There is little practical conflict between the mandates of the two commissioners. In the rare cases where they have differing views, there is great benefit in having these views aired and debated in government, the courts, and public discourse. It may be that a single commissioner would be able to develop a more productive relationship with government on access issues, and so lead to a greater openness and transparency in public affairs. Given the nature of the federal bureaucracy and political environment, however, I am not confident that a merger or cross-appointment would lead to substantial improvements on this front. Lastly, there is an acute risk that switching to a single commissioner would diminish the attention that is currently provided to access and privacy rights. There is a real danger that a single
"Information and Privacy Commissioner" would be overburdened and thus unable to respond as effectively to the increasingly demanding challenges posed to both the
access and privacy regimes.
It can be seen, then, that while in theory there may be benefits to be gained from adopting the one commissioner model at the federal level, these benefits are modest and uncertain. The disadvantages of that model, in contrast, are both greater and more likely to materialize. I am therefore of the view that the better course to follow is to continue the system of two separate commissioners.

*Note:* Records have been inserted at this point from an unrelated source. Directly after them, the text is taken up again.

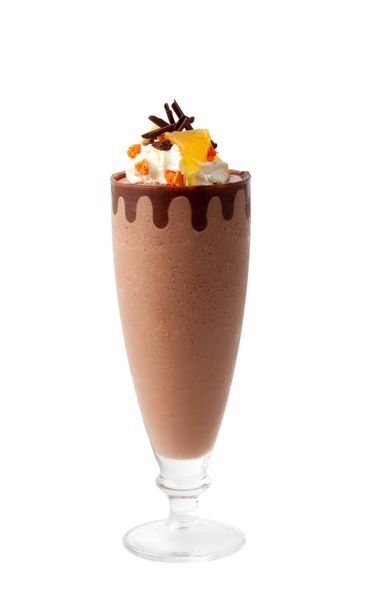 Glas Schokolade cremig mit Früchten auf weißem Hintergrund - Foto, Bild
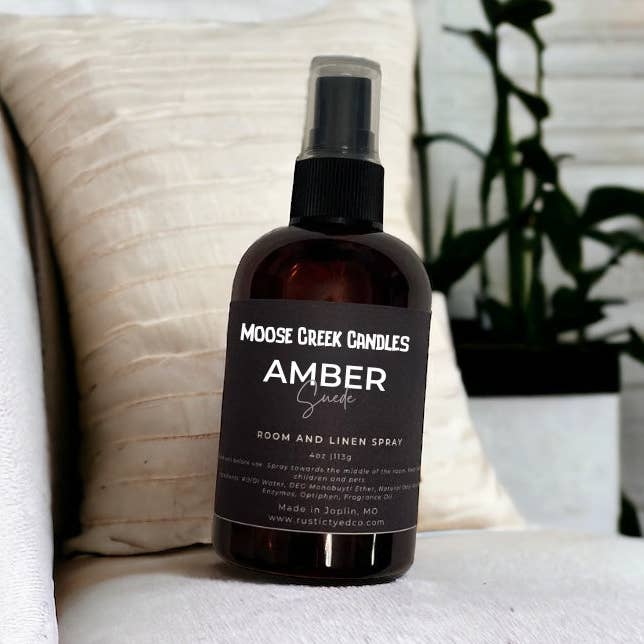 Amber Suede | 4oz kamer- en linnenspray voor wholesale door Moose Creek Candles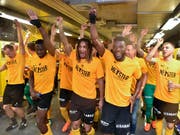 Die YB-Spieler sind die Helden von Bern (Bild: KEYSTONE/PETER SCHNEIDER)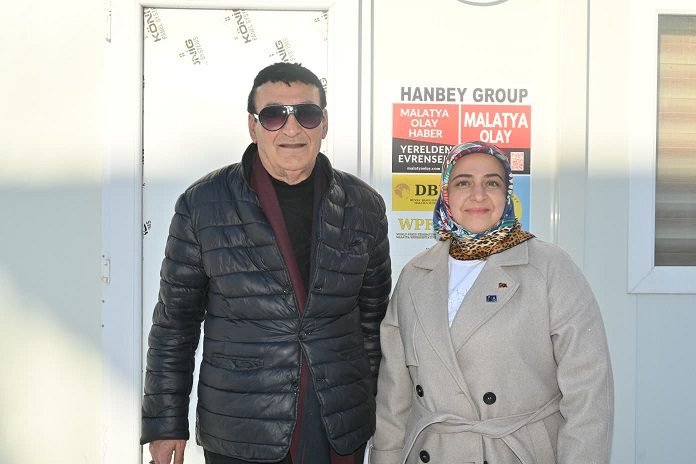 Uğur Hanbey Aladağ…:Malatya Olay Haber…:
Günün anlamlı ziyareti...A Parti Malatya Kadın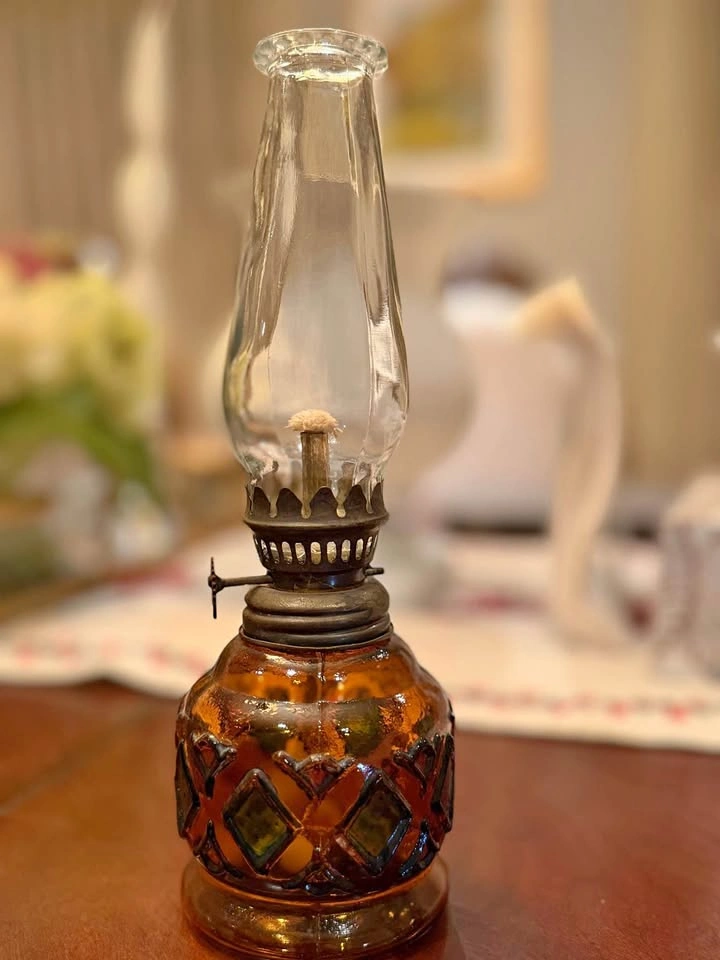 Vintage Amber Glass Oil Lamp – Antique Style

I am supported in this conclusion by the vast majority of the persons consulted during the course of conducting this review. The current federal Information Commissioner is now firmly opposed to a merger, and though she does not categorically dismiss the idea, it is evident from her written submissions that the Privacy Commissioner harbours serious concerns about it and clearly does not favour it at the present time. For their part, most of the former commissioners, as well as academics, users of the systems, practitioners, and advocates are solidly in favour of maintaining a two commissioner model. Perhaps most tellingly, the provincial Information and Privacy Commissioners consulted, though satisfied that the one commissioner system works very well in the provinces, were either adamantly opposed to a merger at the federal level or at least reluctant to endorse the idea.
If, however, a merger were ever proceeded with, it should be undertaken with an abundance of care. There was almost complete unanimity among those consulted that such a step should not be taken immediately. To do so would be very disruptive for both offices. This would be particularly true of the Privacy Commissioner's office, which is still reeling from the disruption caused by the events surrounding the retirement of the last permanent commissioner as well as the recent addition of the responsibilities assosciated with PIPEDA. Lastly, no merger or cross-appointment should occur until there has been time for comprehensive study and reform of the Access to Information Act, the Privacy Act, and PIPEDA.